• [WHAT YOU ARE ASKED TO DO] Taking the line that contains "for Stretch Ceiling" as the first and the final line of the records as the last, write out every line between them exactly, ends included, and nothing else.

Short text fragments from websites
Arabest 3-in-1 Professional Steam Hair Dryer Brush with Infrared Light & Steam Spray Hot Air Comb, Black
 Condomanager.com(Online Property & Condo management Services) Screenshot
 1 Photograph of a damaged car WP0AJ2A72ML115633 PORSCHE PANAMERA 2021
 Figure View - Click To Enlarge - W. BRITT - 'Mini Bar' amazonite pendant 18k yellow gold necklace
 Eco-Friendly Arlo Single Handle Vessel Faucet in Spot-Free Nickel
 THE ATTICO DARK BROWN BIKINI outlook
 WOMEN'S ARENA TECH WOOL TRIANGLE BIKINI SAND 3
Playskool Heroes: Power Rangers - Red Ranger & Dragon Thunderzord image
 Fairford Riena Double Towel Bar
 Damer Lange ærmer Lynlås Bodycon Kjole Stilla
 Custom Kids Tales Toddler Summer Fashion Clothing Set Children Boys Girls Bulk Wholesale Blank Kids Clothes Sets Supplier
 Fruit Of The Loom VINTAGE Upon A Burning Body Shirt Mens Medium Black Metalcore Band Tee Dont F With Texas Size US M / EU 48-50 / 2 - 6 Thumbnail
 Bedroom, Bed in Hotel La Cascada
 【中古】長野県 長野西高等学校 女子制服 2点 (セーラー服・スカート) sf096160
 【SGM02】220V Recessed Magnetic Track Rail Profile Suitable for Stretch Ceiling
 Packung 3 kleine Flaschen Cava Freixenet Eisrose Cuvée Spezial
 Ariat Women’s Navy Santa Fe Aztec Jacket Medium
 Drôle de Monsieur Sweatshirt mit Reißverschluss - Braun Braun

• [EXERCISE RESPONSE]
 【SGM02】220V Recessed Magnetic Track Rail Profile Suitable for Stretch Ceiling
 Packung 3 kleine Flaschen Cava Freixenet Eisrose Cuvée Spezial
 Ariat Women’s Navy Santa Fe Aztec Jacket Medium
 Drôle de Monsieur Sweatshirt mit Reißverschluss - Braun Braun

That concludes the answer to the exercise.